采用 CCl 诱导的 LF 小鼠模型研究 WEE 对 LF 的体内影响。将 WEE 的抗 LF 活性与临床上可用于 LF 干预的水飞蓟宾进行比较,水飞蓟宾作为阳性对照。激活 TGFβ1 诱导的 LX-2 肝星状细胞(HSCs)和 AML-12 肝细胞凋亡和铁死亡被用作体外模型。
WEE 显著改善了 LF 小鼠的病情。WEE 降低了小鼠活化 HSCs 的标志物,并抑制了 TGFβ1 诱导的 LX-2 HSCs 的体外活化。此外,WEE 抑制了 CCl 诱导的小鼠肝细胞凋亡和铁死亡。在机制上,WEE 诱导 Nrf2 进入小鼠肝细胞的核内,肝脏中 Nrf2 下游抗氧化因子的水平增加。LKB1/AMPK/GSK3β 是 Nrf2 的上游调节级联。在 LF 小鼠模型中,WEE 增加了肝组织中磷酸化 LKB1、AMPK 和 GSK3β 的水平。在 LX-2 细胞中也得到了类似的结果。
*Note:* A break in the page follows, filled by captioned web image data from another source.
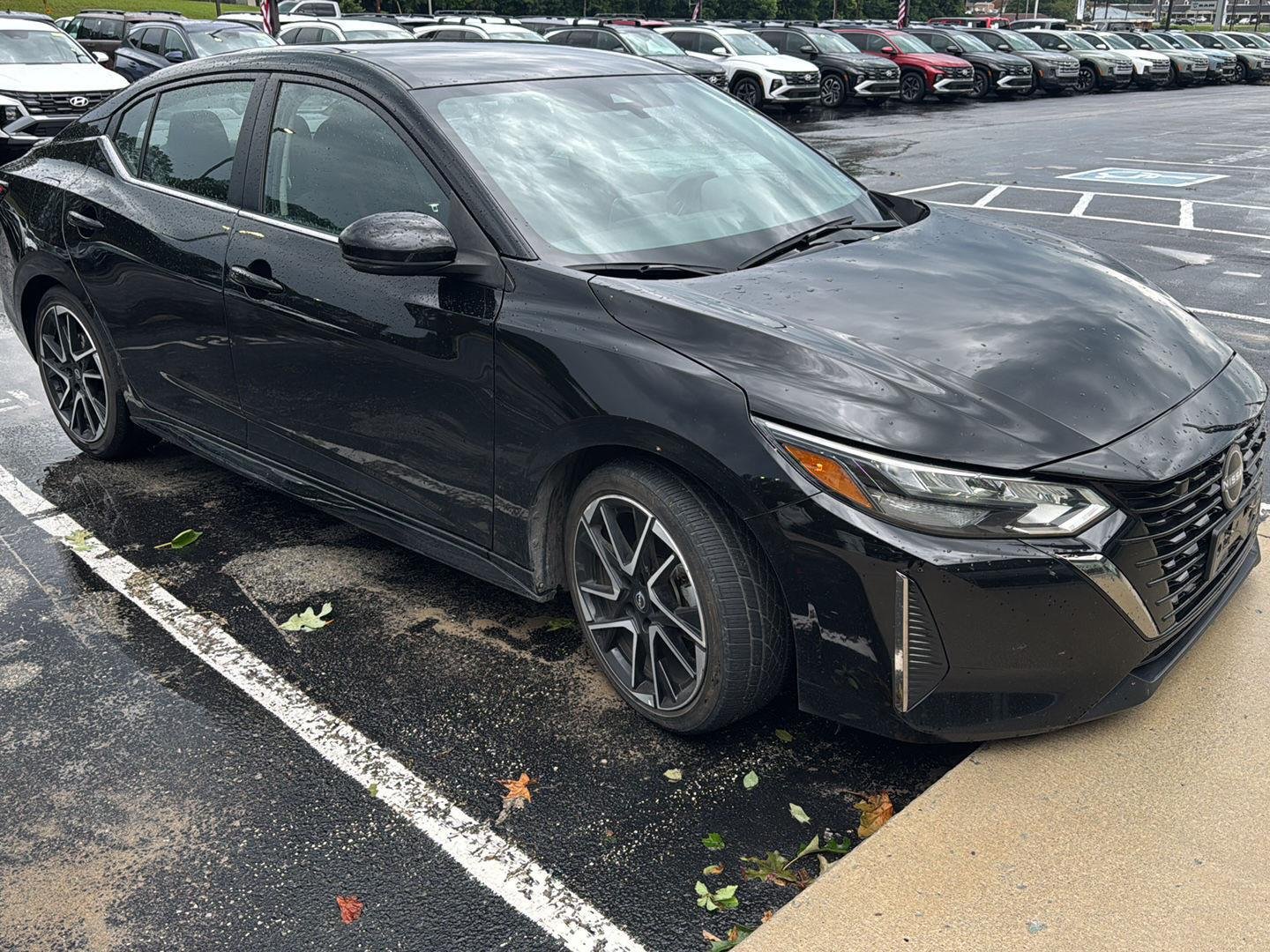 Used 2025 Super Black Nissan SR image 1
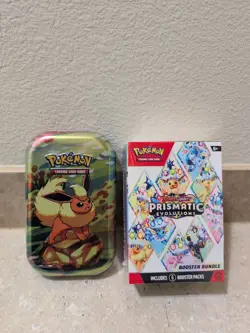 Pokemon TCG Scarlet And Violet Prismatic Evolutions Booster Bundle Sealed & Tin - Image 1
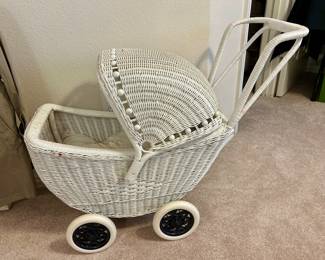 Vintage wicker babydoll pram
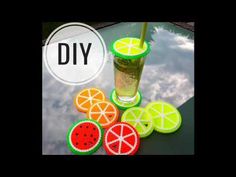 a glass filled with liquid sitting on top of a table next to sliced oranges and watermelon slices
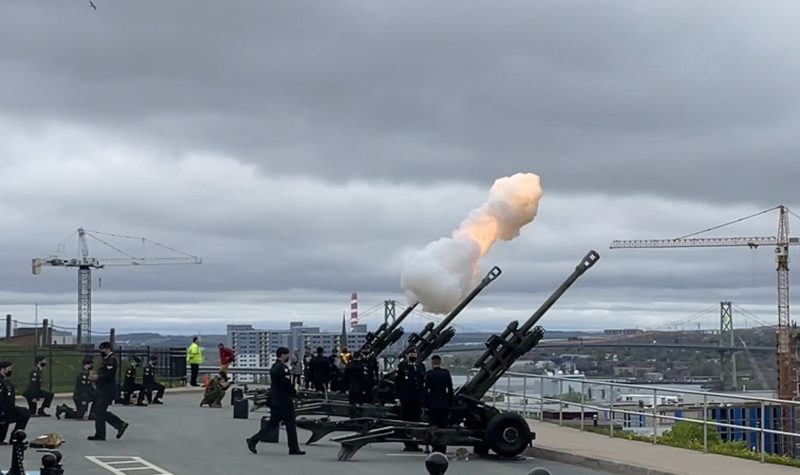 A blank is being fired from a canon ball at Citadel Hill and troops are gathered in order to salute Victoria Day.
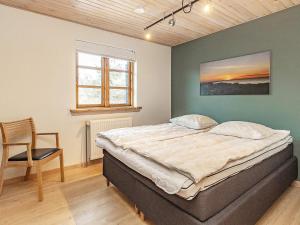 Postel nebo postele na pokoji v ubytování 10 person holiday home in Skagen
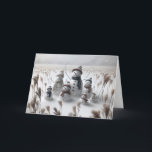 Christmas Snowman Family Holiday Card<br><div class="desc">Family of snowmen stand in a snowy field each wearing cosy hats and scarves surrounded with tall grass
All text can be changed.</div>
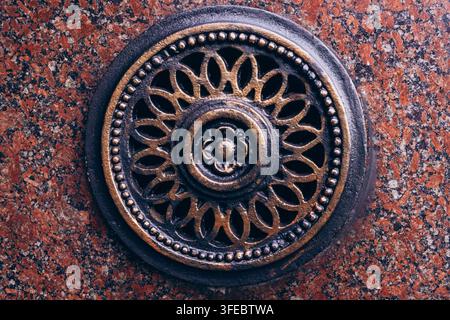 Griglia metallica rotonda ornata montata su un muro di granito rosso. Dettaglio architettonico vintage e concetto di dispositivo di sicurezza classico. Foto Stock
在 AML-12 肝细胞和 LX-2 HSCs 中,WEE 提高了细胞内 Nrf2 水平,促进其核转位,并抑制 TGFβ1 诱导的 ROS 积累。敲低 LKB1 消除了 WEE 对 AMPK/GSK3β/Nrf2 级联的影响,并消除了其对 TGFβ1 的保护作用。
我们的研究结果表明,WEE 可改善 CCl 诱导的 LF 小鼠,并支持其作为一种有前途的抗 LF 肝保护剂的应用。通过激活 LKB1 增强肝脏抗氧化 AMPK/GSK3β/Nrf2 级联,随后抑制 HSC 活化和肝细胞凋亡和铁死亡,WEE 介导的 LF 缓解与这一机制有关。